Doch: Freiheit ist das Recht, alles zu tun, was anderen nicht schadet. Wir leben einerseits in einer liberalen und toleranten Gesellschaft, aber wir wünschen uns anderseits auch eine wehrhafte Demokratie, die jenen, die sie untergraben und abschaffen wollen, einen Riegel schiebt. Man sollte nicht Herr Biedermann spielen, der die Brandstifter seines eigenen Hauses bewirtet. Wer Gewalt verherrlicht und einübt, um sie dann in Strassenkämpfen gegen die Demokratie anzuwenden; wer Kriegsverbrecher, Schlächter und Völkermörder verehrt und deren Herrschaft zurückwünscht; wer die Meinungsäußerungsfreiheit bis zum Exzess ausnützt, um sie dann eines Tages abzuschaffen, der hat den Anspruch auf Toleranz und Schutz verwirkt. Neonazis verachten die Demokratie und die Toleranz. Es gehört daher zur vornehmen Aufgabe der Medien, ihr Treiben zu entlarven.
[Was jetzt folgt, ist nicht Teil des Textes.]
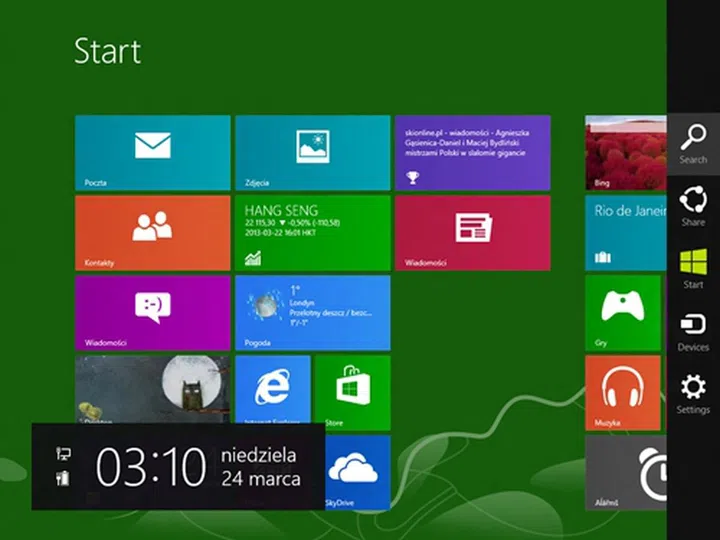 (Image Source: Winforum)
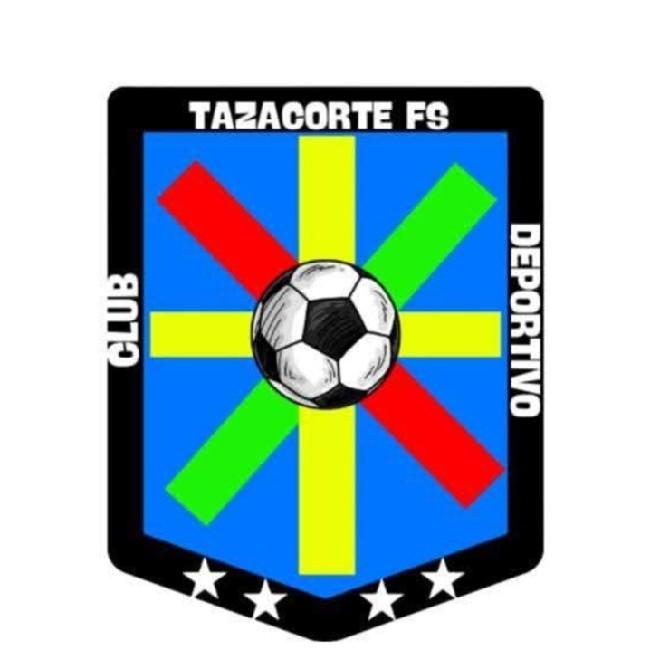 CD Tazacorte B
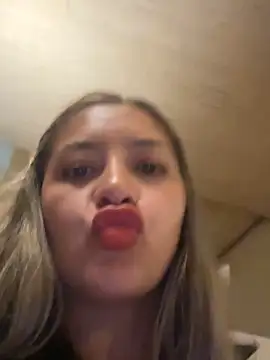 alana_69 live sex cam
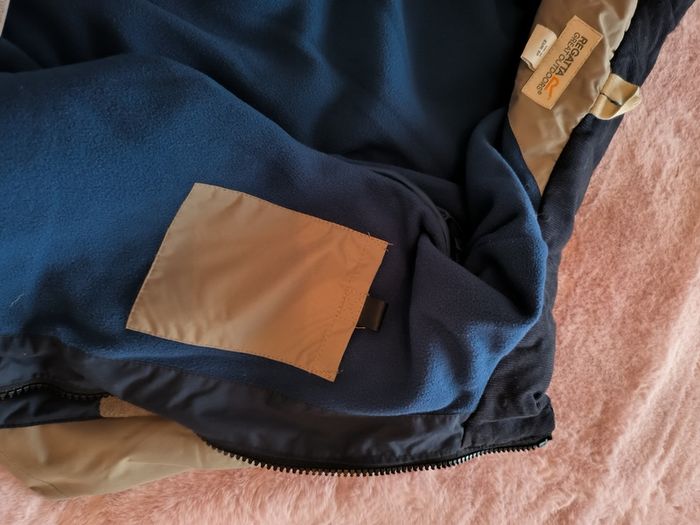 Regatta jacket size M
Genau das hat die «Rundschau» im von Ihnen beanstandeten Beitrag parallel zum «Tages-Anzeiger» gemacht. Bei solchen Seilschaften, Gewaltverherrlichungen und Provokationen muss die Privatsphäre zurücktreten; diese Machenschaften sind von öffentlichem Interesse und von öffentlicher Relevanz. Und zweifellos ist der Geschäftsführer von Roviva, Patrick Roth, ein Mitläufer und Anhänger dieser Ideen, da mag es Rechtsanwalt Valentin Landmann noch so sehr verharmlosen. Die Reportage war nötig und sie war wichtig. Deshalb kann ich Ihre Beanstandung nicht unterstützen.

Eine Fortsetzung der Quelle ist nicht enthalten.